Par Céline Pastezeur - Publié le 01 Fév 2018 à 11:27
Les jeunes, des consommateurs de luxe à surveiller de près ? C'est ce qui ressort d'une récente étude signée DISKO, montrant que les Millennials constituent la moitié des consommateurs du secteur. La rédaction d'Air of melty a interrogé deux talents du planning stratégique de l'agence pour en savoir plus sur le sujet.

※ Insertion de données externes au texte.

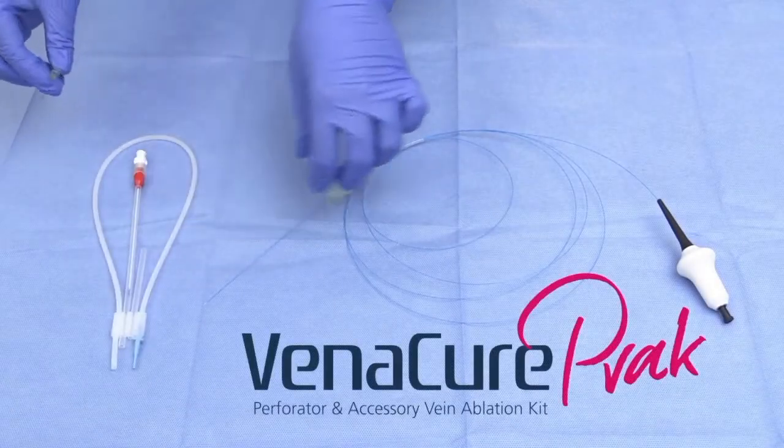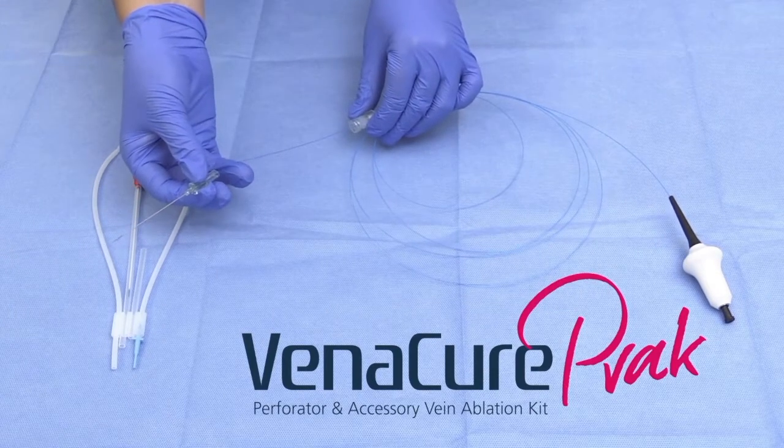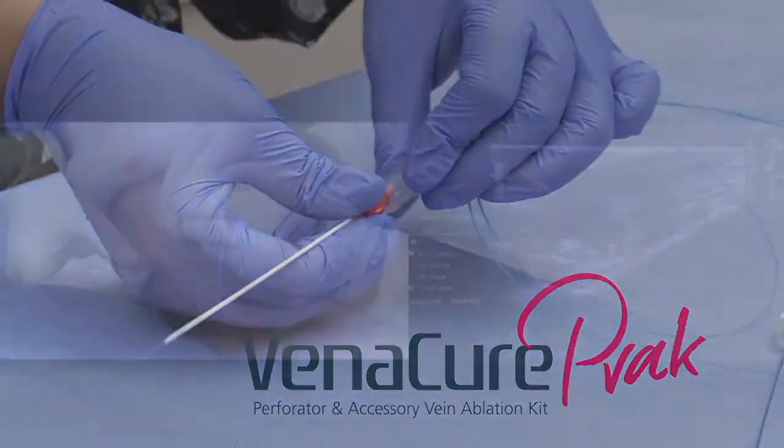Introducing the Venocure 400 Micron Perforator and Accessory Vein Ablation Kit, which lets providers treat refluxing perforator veins with the precision of the Venocure EVLT system.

En 2018, ça promet de matcher toujours plus entre les Millennials et l’univers du luxe. Alors qu’une étude signée DISKO a révélé au début du mois de janvier que près d’un consommateur du luxe est un Millennial, Laure Frémicourt, Directrice du planning stratégique chez DISKO et Charlotte Dine, planneuse stratégique chez DISKO, ont accepté de répondre à nos question pour nous en dire sur la manière dont les moins de 30 ans appréhendent le luxe et ce qu’ils vont révolutionner sur ce marché.

-Air of melty : Les Millennials représentent 45% des consommateurs du luxe. Qu’est-ce qui les attire vers ce genre de produits ?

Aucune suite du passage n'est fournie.